In college sports, SEC stands for the Southeastern Conference, not the Securities and Exchange Commission (although an antitrust investigation might be nice). The sports SEC released its schedule last week for this year’s football season.
There are two new SEC members, and the University of Florida plays them both, traveling to Texas A&M and hosting Missouri.
Missouri and Texas in the Southeast? Quick, grab a map and see what happened.
The expansion is part of the recent expansion of major college conferences in a power grab by those leagues, much to the dismay of the smaller leagues, and leading to an even bigger mess in the Bowl Championship Series (the hated BCS).
The SEC is not alone in the geography problem. The ACC, which stands for Atlantic Coast Conference, recently added Syracuse and Pittsburgh. To my knowledge, neither of those fine communities has a beach on the Atlantic.
The Pac-12 (Pac standing for Pacific) added Utah and Colorado, and for a while considered Texas, Texas Tech, Oklahoma and Oklahoma State. I didn’t know those six schools were on the Pacific Ocean.

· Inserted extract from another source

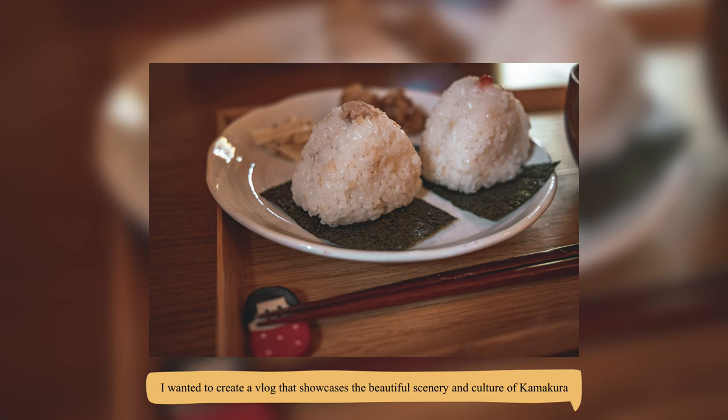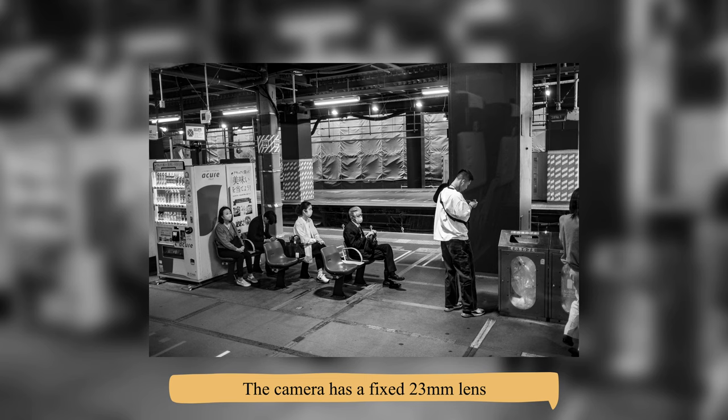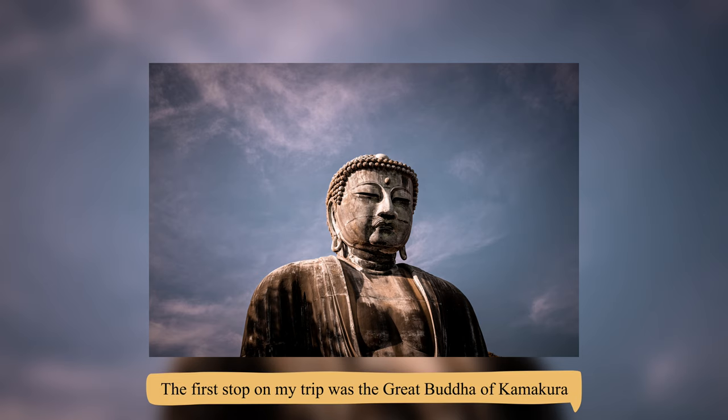Hello and welcome back to a new video. I wanted to create a blog that showcases the beautiful scenery and culture of Kamakura, and on this trip I decided to document this experience with my new Fujifilm X100V camera. The camera has a fixed 23mm lens, a very compact size, and excellent image quality, as you can see from these photos, which is perfect for capturing wide shots of the city and its surroundings.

Then there’s the Big 10, which doesn’t have a geographic name, but has had 11 teams for years. Recently it added a 12th team, Nebraska, but it can’t call itself the Big 12 … there’s already a conference with that name, although the Big 12 is down a couple of teams after some split for other conferences.
All this math is making me dizzy.
We won’t even get into the Big East, which in basketball includes Notre Dame from Indiana.
Anyhow, back to the Southeast. I personally don’t consider anyplace where it snows regularly as part of the South. Tennessee is borderline, but Kentucky, regardless of its SEC ties, to me is “up North.” As for Missouri, I went there twice in the winter, and it was brutally cold. That’s not my idea of an SEC area.
For those who care, here’s Florida’s 2012 schedule: Sept. 1, Bowling Green; Sept. 8, at Texas A&M; Sept. 15, at Tennessee; Sept. 22, Kentucky; Sept. 29, open; Oct. 6, LSU; Oct. 13, at Vanderbilt; Oct. 20, South Carolina; Oct. 27, vs. Georgia in Jacksonville; Nov. 3, Missouri; Nov. 10, Louisiana-Lafayette; Nov. 17, Jacksonville State; Nov. 24, at Florida State.
Bowling Green, Louisiana-Lafayette and Jacksonville State? Wow! I could really go off my diet just thinking about those three cupcakes.